## WORK REQUIRED
The needed output is the run of lines below from the one containing "Example of Aesculus" through the one containing "Little Parrot Lovebird", copied exactly and free of pictures.

## DATA SUPPLIED
%%
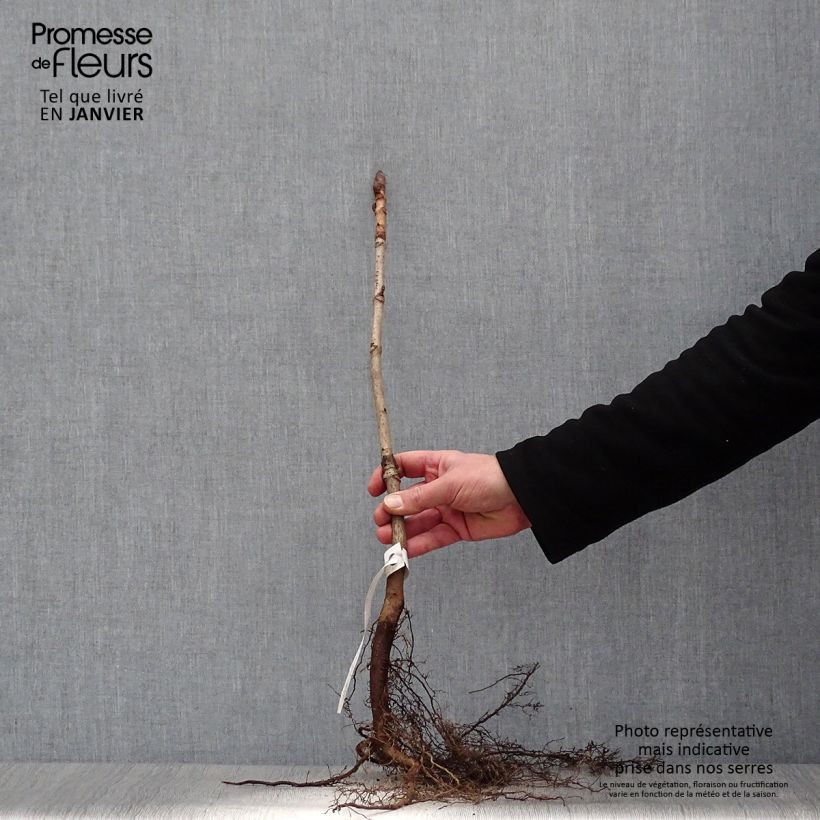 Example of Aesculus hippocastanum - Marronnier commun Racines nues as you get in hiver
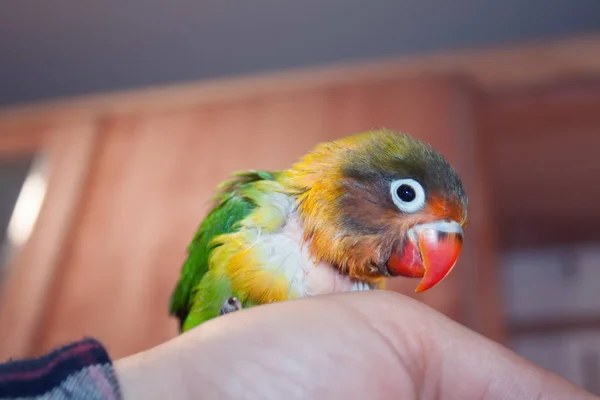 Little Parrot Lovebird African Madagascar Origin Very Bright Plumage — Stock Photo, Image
%%
%%
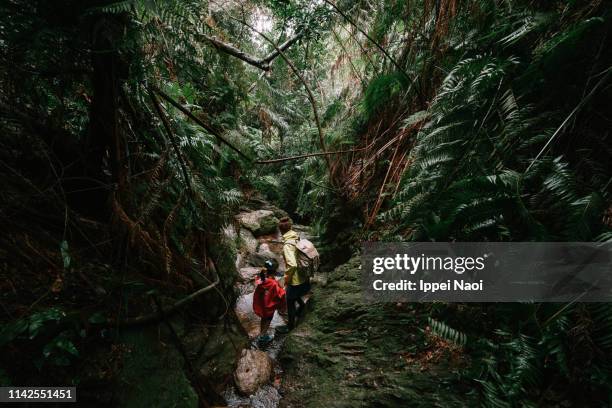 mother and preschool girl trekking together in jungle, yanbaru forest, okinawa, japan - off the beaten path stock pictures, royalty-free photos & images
%%
## RESPONSE TO THE TASK
 Example of Aesculus hippocastanum - Marronnier commun Racines nues as you get in hiver
 Little Parrot Lovebird African Madagascar Origin Very Bright Plumage — Stock Photo, Image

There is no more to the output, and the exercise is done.